PSA-VLM: Enhancing Vision-Language Model Safety through Progressive Concept-Bottleneck-Driven Alignment
Zhendong Liu, Yuanbi Nie, Yingshui Tan, Jiaheng Liu, Xiangyu Yue, Qiushi Cui, Chongjun Wang, Xiaoyong Zhu, Bo Zheng
TL;DR
This paper addresses safety vulnerabilities in vision-language models caused by the visual modality bypassing LLM safeguards. It proposes PSA-VLM, a progressive safety alignment method that embeds safety concepts as bottlenecks using a Concept Bottleneck Model (CBM) with a Safety Projector, Safety Tokens, and a Safety Head, trained in two stages to improve risk detection and response without sacrificing multimodal capability.
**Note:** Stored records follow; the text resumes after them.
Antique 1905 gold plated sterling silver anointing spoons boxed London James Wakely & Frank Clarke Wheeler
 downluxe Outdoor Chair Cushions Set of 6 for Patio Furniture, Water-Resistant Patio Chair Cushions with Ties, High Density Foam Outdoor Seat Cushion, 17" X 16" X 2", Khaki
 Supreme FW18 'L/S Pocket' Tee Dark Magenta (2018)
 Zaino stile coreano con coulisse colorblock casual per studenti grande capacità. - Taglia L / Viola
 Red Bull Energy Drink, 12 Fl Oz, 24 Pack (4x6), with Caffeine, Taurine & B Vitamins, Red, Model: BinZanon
Stage I trains concept classifiers for safety features with frozen LLM and vision encoders, while Stage II unfreezes the LLM to integrate concept-level safety into decision making, guided by losses $\mathcal{L}_{s}$, $\mathcal{L}_{l}$, and $\mathcal{L}_{LLM}$. Evaluation on RTVLM and additional risk datasets shows PSA-VLM achieves state-of-the-art safety performance, with LoRA-based fine-tuning further boosting results, while keeping competitive general multimodal benchmarks. The approach enhances explainability and controllability by tying outputs to high-level safety concepts, offering a practical path toward safer VLM deployments in real-world settings.
Abstract
Benefiting from the powerful capabilities of Large Language Models (LLMs), pre-trained visual encoder models connected to LLMs form Vision Language Models (VLMs). However, recent research shows that the visual modality in VLMs is highly vulnerable, allowing attackers to bypass safety alignment in LLMs through visually transmitted content, launching harmful attacks. To address this challenge, we propose a progressive concept-based alignment strategy, PSA-VLM, which incorporates safety modules as concept bottlenecks to enhance visual modality safety alignment. By aligning model predictions with specific safety concepts, we improve defenses against risky images, enhancing explainability and controllability while minimally impacting general performance. Our method is obtained through two-stage training. The low computational cost of the first stage brings very effective performance improvement, and the fine-tuning of the language model in the second stage further improves the safety performance. Our method achieves state-of-the-art results on popular VLM safety benchmark.